CSC 308 Operating System

Learning Outcomes
At the end of this course, students should be able to:

  1. recognise operating system types and structures;
  2. describe OS support for processes and threads;
  3. recognise CPU scheduling, synchronisation, and deadlock;
  4. resolve OS issues related to synchronisation and failure for distributed systems;
  5. explain OS support for virtual memory, disk scheduling, I/O, and file systems;
  6. identify security and protection issues in computer systems; and
  7. use C and Unix commands, examine behaviour and performance of Linux, and develop
    various system programmes under Linux to make use of OS concepts related to process
    synchronisation, shared memory, mailboxes, file systems, etc.

    Course Contents
    Fundamentals of operating systems design and implementation. History and evolution of
    operating systems. Types of operating systems. Operating system structures. Process
    management: processes, threads, CPU scheduling, process synchronisation. Memory
    management and virtual memory.
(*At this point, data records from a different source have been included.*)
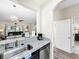 Kitchen with granite countertops, stainless steel appliances, and breakfast bar at 744 La Mirage St, Davenport, FL 33897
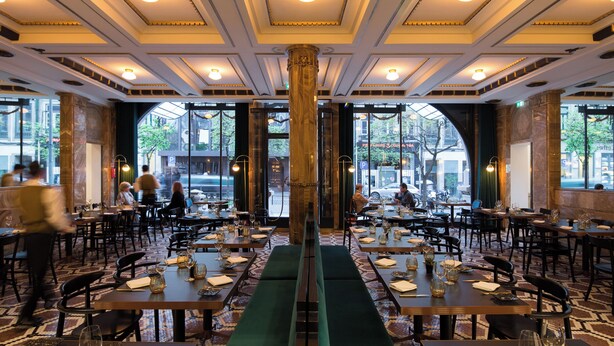 Een restaurant met een centrale kolom, meerdere tafels en uitzicht op de straat door grote ramen.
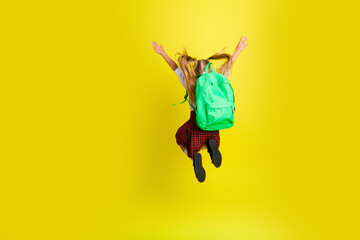 Obraz premium Schoolgirl jumping with green backpack against bright yellow background, joyful back-to-school moment celebrating childhood energy and excitement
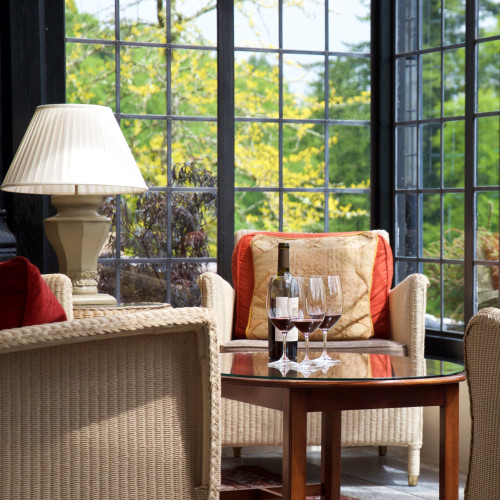 Glasses of wine on table by window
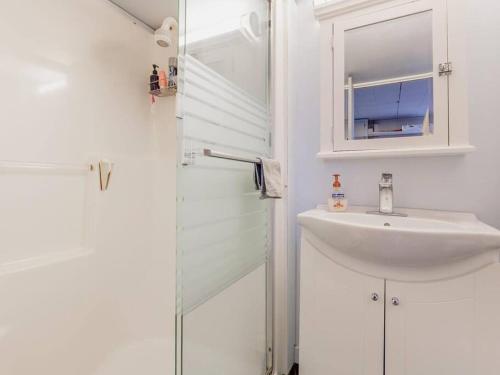 a white bathroom with a sink and a mirror at Cozy Capitol Hill Bungalow - 3BD/2BA Retreat in Burnaby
File systems; I/O systems; Security and protection;
    Distributed systems; Case studies.

    Lab work: Practical hands-on engagement to facilitate understanding of the material taught
    in the course. All the process, memory, file and directory management issues will be
    demonstrated under the LINUX operating system. Also UNIX commands will be briefly
    discussed. Alternatively, hands-on exposure may be through the use of operating systems
    developed for teaching, like TempOS, Nachos, Xinu or MiniOS. Another possibility is through
    programming exercises that implement and simulate algorithms taught. Simulation of CPU
    scheduling algorithms, producer-consumer problem, memory allocation algorithms, file
    organisation techniques, deadlock algorithms and disk scheduling algorithms.